With the discovery of the CFTR gene in 1989, the search for therapies to improve the basic defects of cystic fibrosis (CF) commenced. Pharmacological manipulation provides the opportunity to enhance CF transmembrane conductance regulator (CFTR) protein synthesis and/or function. CFTR modulators include potentiators to improve channel gating (class III mutations), correctors to improve abnormal CFTR protein folding and trafficking (class II mutations) and stop codon mutation read-through drugs relevant for patients with premature stop codons (most class I mutations). After several successful clinical trials the potentiator, ivacaftor, is now licenced for use in adults and children (>six years), with CF bearing the class III G551D mutation and FDA licence was recently expanded to include 8 additional class III mutations. Alternative approaches for class I and class II mutations are currently being studied. Combination drug treatment with correctors and potentiators appears to be required to restore CFTR function of F508del, the most common CFTR mutation. Alternative therapies such as gene therapy and pharmacological modulation of other ion channels may be advantageous because they are mutation-class independent, however progress is less well advanced. Clinical trials for CFTR modulators have been enthusiastically embraced by patients with CF and health care providers. Whilst novel trial end-points are being evaluated allowing CFTR modulators to be efficiently tested, many challenges related to the complexity of CFTR and the biology of the epithelium still need to be overcome.

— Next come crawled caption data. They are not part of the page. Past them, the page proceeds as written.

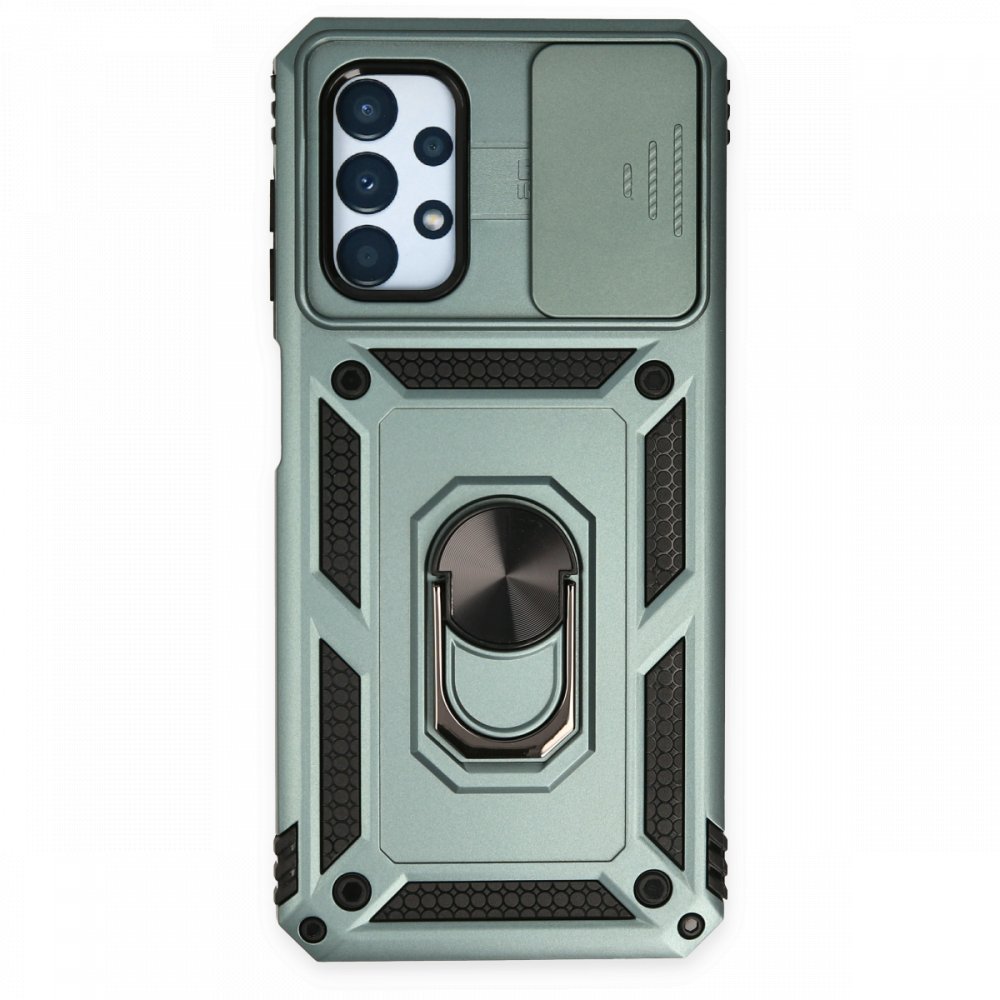 Newface Samsung Galaxy A33 5G Kılıf Pars Lens Yüzüklü Silikon - Yeşil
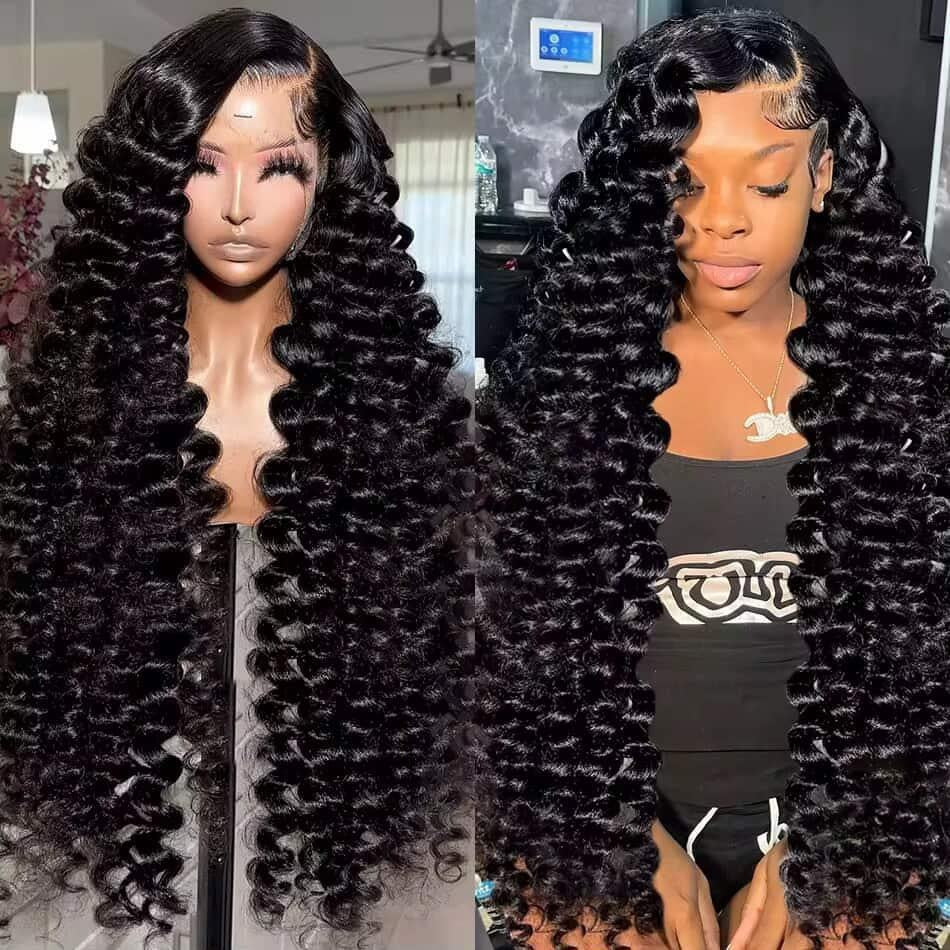 24" HD Deep Wave Frontal Wig – Natural Black (1B) | Defined Curls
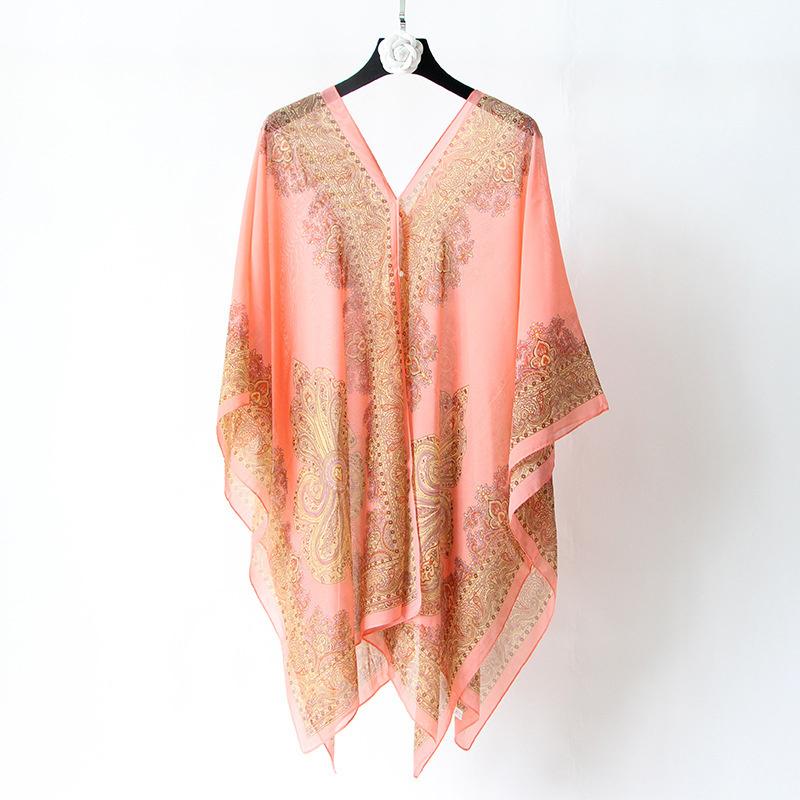 Beach Sun Protection Shawl Women Clothes Summer Beach Bikini Cover Up Loose Chiffon Blouse Shawl Scarf With Buttons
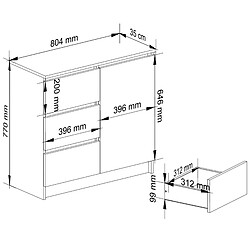 Avis Akord Buffet Jerry 1 Porte 3 Tiroirs Blanc/Béton 80X35X77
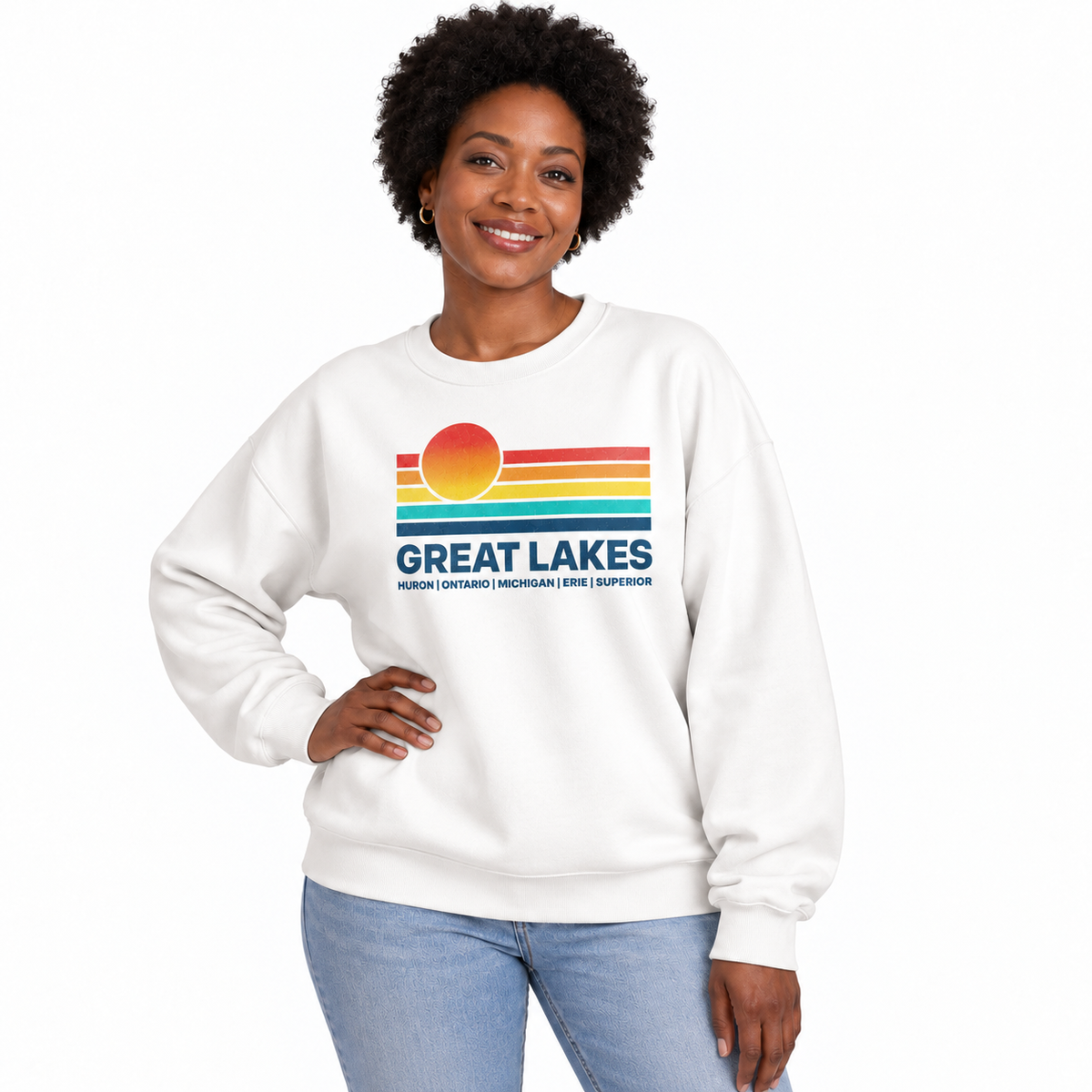Great Lakes Retro Sunset Horizon Vintage Sweatshirt - White (Female Model)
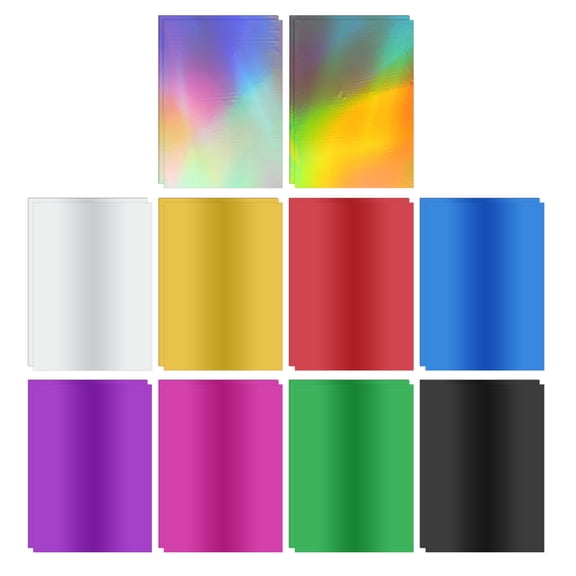 Uxcell 11.7x8.3" Hot Stamping Foil Paper Sheet, 50 Sheets A4 Heat Transfer Hot Stamping Paper Foil for Leather DIY Logo Decor Craft Gift Package Scrapbook Card, 10 Colors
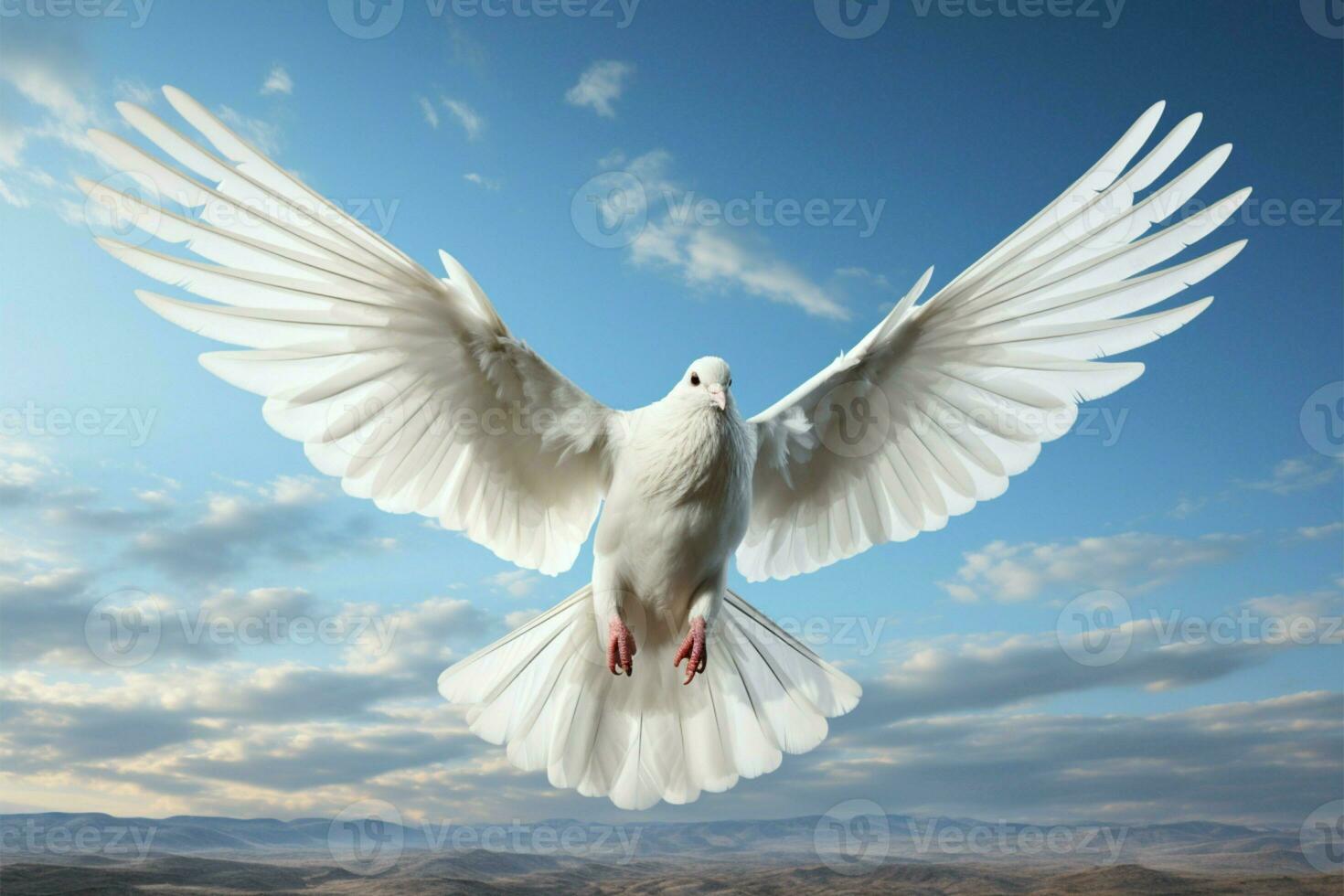 Isolated on white, a white dove glides gracefully with outstretched wings AI Generated photo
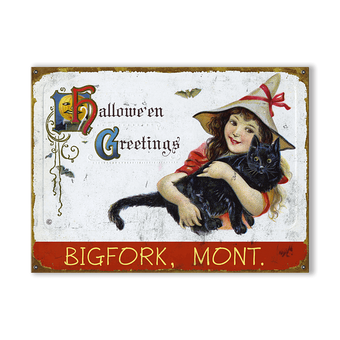 Girl & Black Cat Halloween Greetings Sign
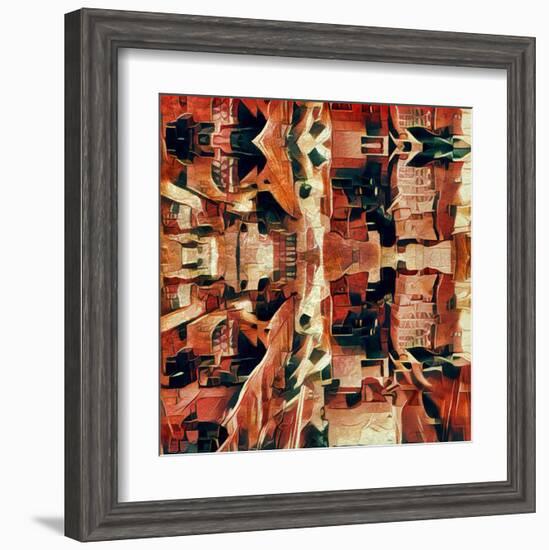 Distorted city scene 31-Jean-François Dupuis-Framed Art Print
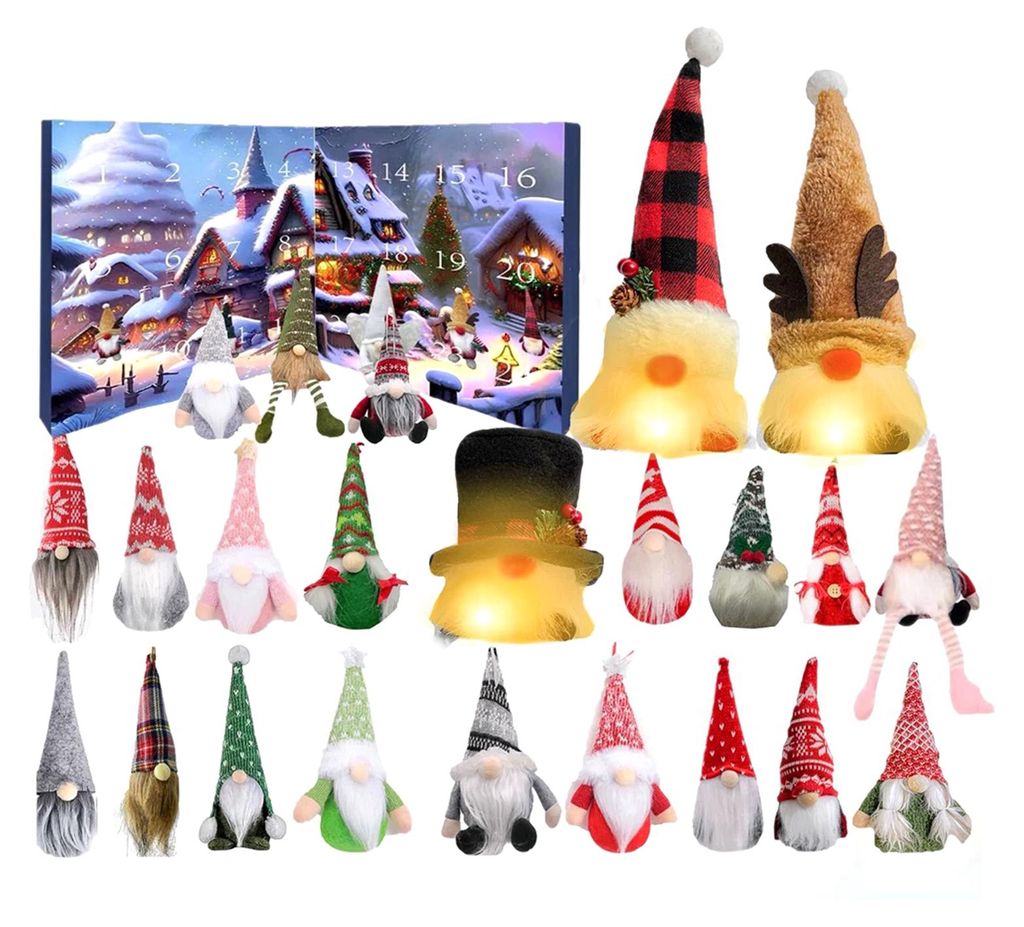 Wichtel-Adventskalender 2025: 24-tägiger Weihnachtskalender mit 24 Sammelfiguren und leuchtenden Wichtel-Ornamenten für die Heimdekoration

随着 1989 年 CFTR 基因的发现,人们开始寻找改善囊性纤维化(CF)基本缺陷的治疗方法。药物治疗为增强 CF 跨膜电导调节因子(CFTR)蛋白合成和/或功能提供了机会。CFTR 调节剂包括改善通道门控的增敏剂(III 类突变)、改善异常 CFTR 蛋白折叠和转运的矫正剂(II 类突变)和与过早终止密码子相关的终止密码子突变通读药物(大多数 I 类突变)。经过几次成功的临床试验,增敏剂 ivacaftor 现已获准用于成人和儿童(>6 岁),携带 III 类 G551D 突变,美国食品和药物管理局(FDA)最近扩大了许可范围,包括另外 8 种 III 类突变。目前正在研究针对 I 类和 II 类突变的替代方法。校正剂和增敏剂的联合药物治疗似乎是恢复 F508del(最常见的 CFTR 突变)CFTR 功能所必需的。基因治疗和其他离子通道的药理学调节等替代疗法可能具有优势,因为它们与突变类型无关,但进展不太理想。CFTR 调节剂的临床试验受到 CF 患者和医疗保健提供者的热烈欢迎。虽然正在评估新的试验终点,以使 CFTR 调节剂能够得到有效测试,但仍需要克服与 CFTR 复杂性和上皮生物学相关的许多挑战。